Как вам угодно, или Двенадцатая ночь
Шекспир назвал свою последнюю комедию по дате ее первого представления - на Крещение, в двенадцатую ночь после Рождества. Стуруа же посвятил постановку рубежу тысячелетий, пытаясь аккумулировать в ней всю мудрость, печаль и юмор нашего Миллениума. Рождественская история переплетается с ключевыми рождественскими мотивами: явлением архангела Гавриила Богородице, смирением Иосифа, шествием волхвов, известивших Ирода о рождении нового иудейского царя, избиением младенцев, распятием. Библия и Шекспир живут в сознании человечества и потому являются такой же очевидной реальностью, как и современность за окнами.

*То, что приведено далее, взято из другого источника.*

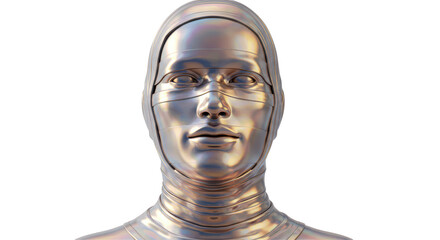 Isolated Metallic Sculpture of a Bandaged Woman's Face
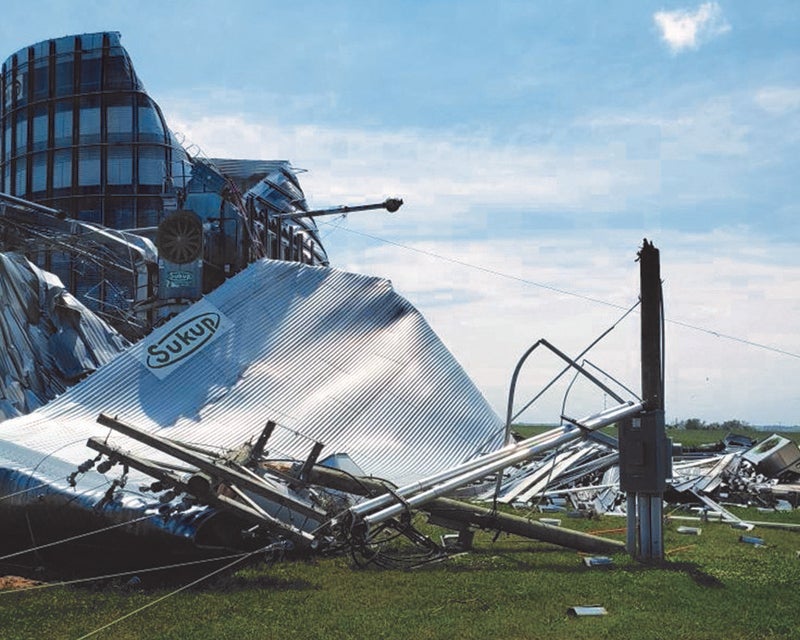 damaged grain bins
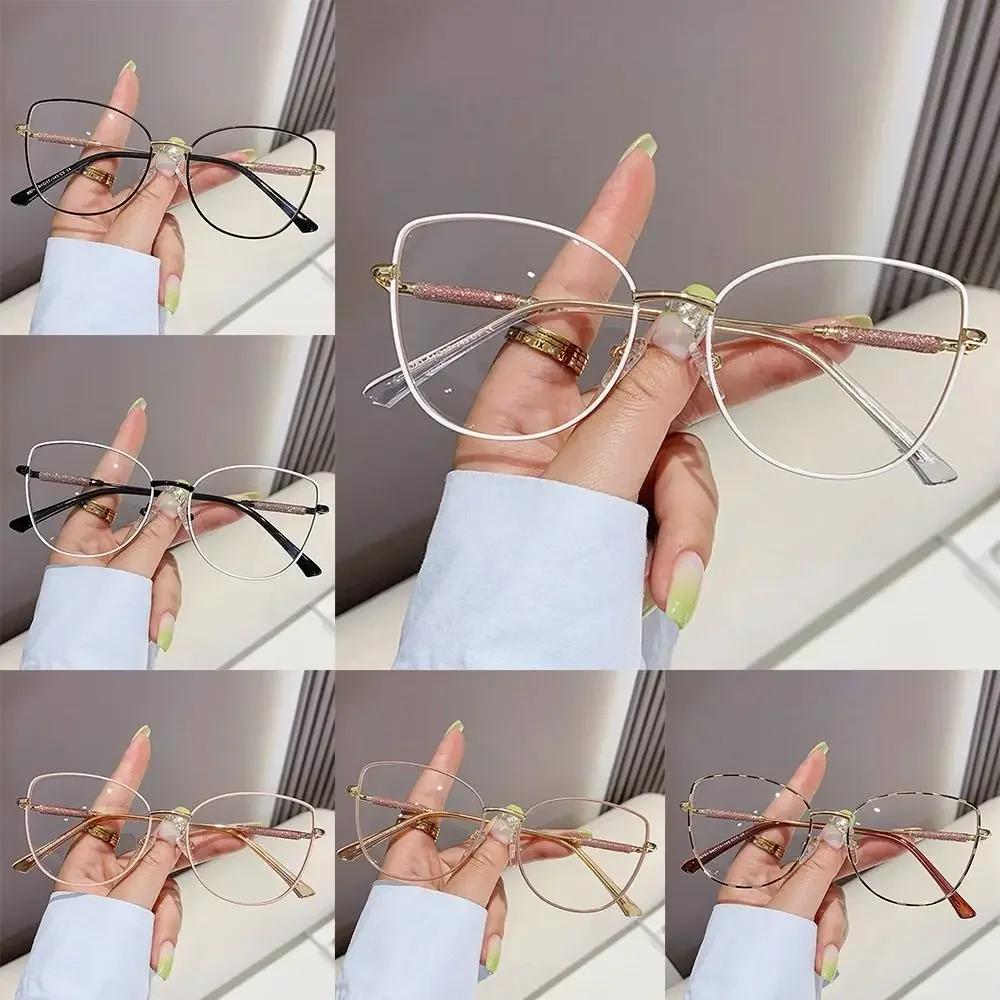 Cat Eye Metal Eyeglasses Frame Blue Light Blocking Support Customized Optical Glasses Anti Blue Light Glasses Eyewear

На одном краю сцены Богоматерь укладывает в ясли младенца Иисуса под умиленными взглядами волхвов и ослов, а на другом страдают герцог Орсино, безнадежно влюбленный в Оливию, и переодетая юношей Виола, полюбившая Орсино. За их муками наблюдает отбившийся от яслей ослик с симпатичной грустной мордой.
Каждую секунду Роберт Стуруа показывает обратную сторону медали, делая суть вещей прозрачной и многогранной. Шекспир и Библия дают для этого много возможностей. Рождение Спасителя провоцирует избиение младенцев, а счастье Виолы - любовную тоску ее спасителя-капитана. Отсюда логика неожиданного и красивейшего финала: распятие Сына Человеческого венчает свадьбы брата и сестры. Так в безмятежном счастье поселяется тревога. В разлуке всегда есть надежда на встречу. А в распятии проступает будущее воскрешение и свет.
Гамлет
Первого своего "Гамлета" Стуруа поставил в Лондоне, и англичане включили этот спектакль в десятку лучших шекспировских постановок за последние пятьдесят лет. Вторым стал "Гамлет" в "Сатириконе", а теперь, на гастролях в Москве мы получим уникальную возможность сравнить, как меняется мировоззрение Роберта Стуруа на примере отдельно взятой пьесы.
Пока можно только догадываться, насколько свободен был Роберт Стуруа в сочинении тбилисского "Гамлета" после двух попыток осуществить постановку этой пьесы. Да еще и в компании своих актеров, любовь к которым только усиливается от частых отъездов во все уголки мира, где Стуруа принимают с не меньшей любовью. Парадоксальный интерпретатор Шекспира, ищущий золотые крупинки юмора на дне самой мрачной трагедии, Роберт Стуруа в очередной раз попытался очистить великую пьесу от "гамлетовского" пафоса. В Тбилиси на его "Гамлете" много смеются в самых неожиданных местах, на гастролях в Киеве гневно осаживают за то, что режиссер осмелился вложить святая святых - монолог "Быть или не быть" - в уста других героев, которые как бы подсказывают Гамлету слова. Словом, на этом спектакле публика раскалывается на горячих сторонников и ярых противников. А что еще нужно для успеха?